**YOUR ASSIGNMENT:** All the lines below need to be transcribed exactly. Pictures get left out.

**COLLECTED MATERIAL:**
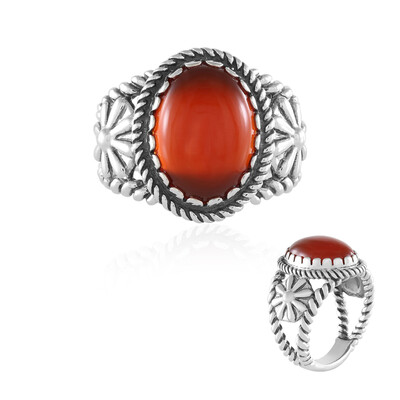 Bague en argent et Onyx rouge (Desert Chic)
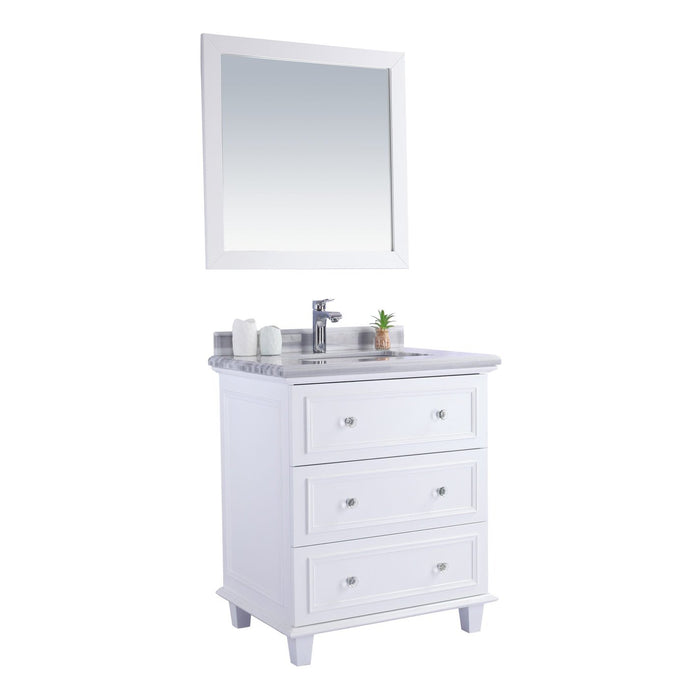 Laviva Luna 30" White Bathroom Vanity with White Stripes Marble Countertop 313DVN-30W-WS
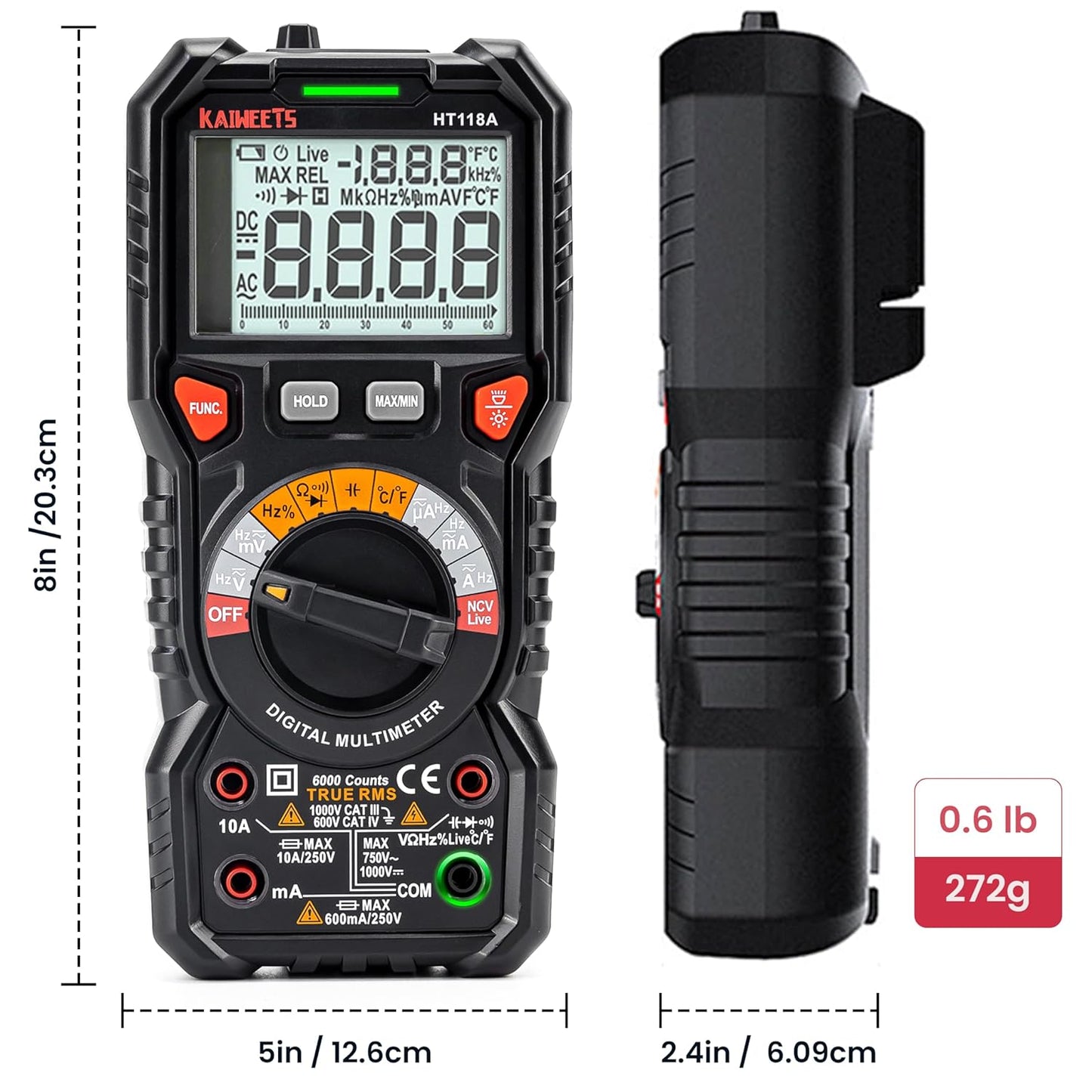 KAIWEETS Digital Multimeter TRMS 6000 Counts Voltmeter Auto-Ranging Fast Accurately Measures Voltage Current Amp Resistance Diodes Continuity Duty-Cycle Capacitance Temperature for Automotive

**RESPONSE:**
 Bague en argent et Onyx rouge (Desert Chic)
 Laviva Luna 30" White Bathroom Vanity with White Stripes Marble Countertop 313DVN-30W-WS
 KAIWEETS Digital Multimeter TRMS 6000 Counts Voltmeter Auto-Ranging Fast Accurately Measures Voltage Current Amp Resistance Diodes Continuity Duty-Cycle Capacitance Temperature for Automotive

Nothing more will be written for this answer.